Der SATA Anschluss ist nur intern.
Und klar passen die Komponenten zusammen. Ein Gehäuse mit SATA2 und eine Festplatte mit SATA2 = perfekt.


----------



## oldputz1990 (17. August 2007)

extern: USB 2.0/eSATA

also schon esata!

Brauche ich da sowas?

http://geizhals.at/eu/a269559.html


----------



## Daniel Mannheimer (17. August 2007)

oldputz1990 hat gesagt.:


> Hallo!
> ...
> Was brauche ich dazu, um esata auf meinem PC verwenden zu können?
> Danke!



einen eSATA Anschluss :suspekt:

http://www.google.de/search?hl=de&q=esata+pci+card&btnG=Suche&meta=


----------



## fluessig (17. August 2007)

Jein.

Ja, die Komponenten passen zusammen. Die Festplatte hab ich bereits 2mal gekauft und sie ist leise, ausreichend schnell und günstig.

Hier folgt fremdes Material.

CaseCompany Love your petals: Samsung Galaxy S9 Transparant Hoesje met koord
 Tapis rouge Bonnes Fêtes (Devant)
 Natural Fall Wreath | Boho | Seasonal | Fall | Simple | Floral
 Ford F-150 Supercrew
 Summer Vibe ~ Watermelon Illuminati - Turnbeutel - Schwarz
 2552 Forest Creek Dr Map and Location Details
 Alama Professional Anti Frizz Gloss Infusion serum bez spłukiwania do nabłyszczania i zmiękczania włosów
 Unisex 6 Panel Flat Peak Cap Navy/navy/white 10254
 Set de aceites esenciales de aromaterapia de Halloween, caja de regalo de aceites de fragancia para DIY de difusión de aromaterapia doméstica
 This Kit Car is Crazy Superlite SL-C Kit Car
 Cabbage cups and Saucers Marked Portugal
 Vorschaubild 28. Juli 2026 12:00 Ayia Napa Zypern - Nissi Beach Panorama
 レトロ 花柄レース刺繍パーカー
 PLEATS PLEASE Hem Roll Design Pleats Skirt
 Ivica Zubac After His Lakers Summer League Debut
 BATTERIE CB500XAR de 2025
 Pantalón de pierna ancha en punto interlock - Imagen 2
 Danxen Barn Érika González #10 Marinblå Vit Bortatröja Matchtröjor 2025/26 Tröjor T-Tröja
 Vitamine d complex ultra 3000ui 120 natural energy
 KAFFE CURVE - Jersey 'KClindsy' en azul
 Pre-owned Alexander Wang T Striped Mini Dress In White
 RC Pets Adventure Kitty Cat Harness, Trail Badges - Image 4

Nein, du brauchst keinen eSATA-Anschluss. Das Gehäuse lässt dir die Wahl, ob du die Festplatte per USB _oder_ eSATA anschließen möchtest. Wenn du einen freien SATA Anschluss in deinem PC hast, dann kannst du mit der beim Gehäuse enthaltenen Blende diesen an die Rückseite des PCs legen. Dann kannst du das externe Gehäuse mit dem mitgelieferten eSATA Kabel anschließen, was ich dir empfehle, wenn dir die USB Anschlüsse ausgehen, du noch einen SATA Anschluss intern frei hast und du nichts dagegen hast, dass die Festplatte fast ihren vollen Durchsatz schafft. Damit ist der Durchsatz gegenüber USB fast 2-3mal höher, hab den genauen Messwert meiner Festplatte nicht mehr im Kopf.

Also: Du brauchst nur die Festplatte und das Gehäuse, beim Gehäuse sind normalerweise alle Teile/Kabel dabei um es per USB oder eSATA anschließen zu können. 

Quelle: http://www.litec-computer.de/PC-Kom...S2-B-35-SATA-to-USB20-eSATA-black::12702.html


----------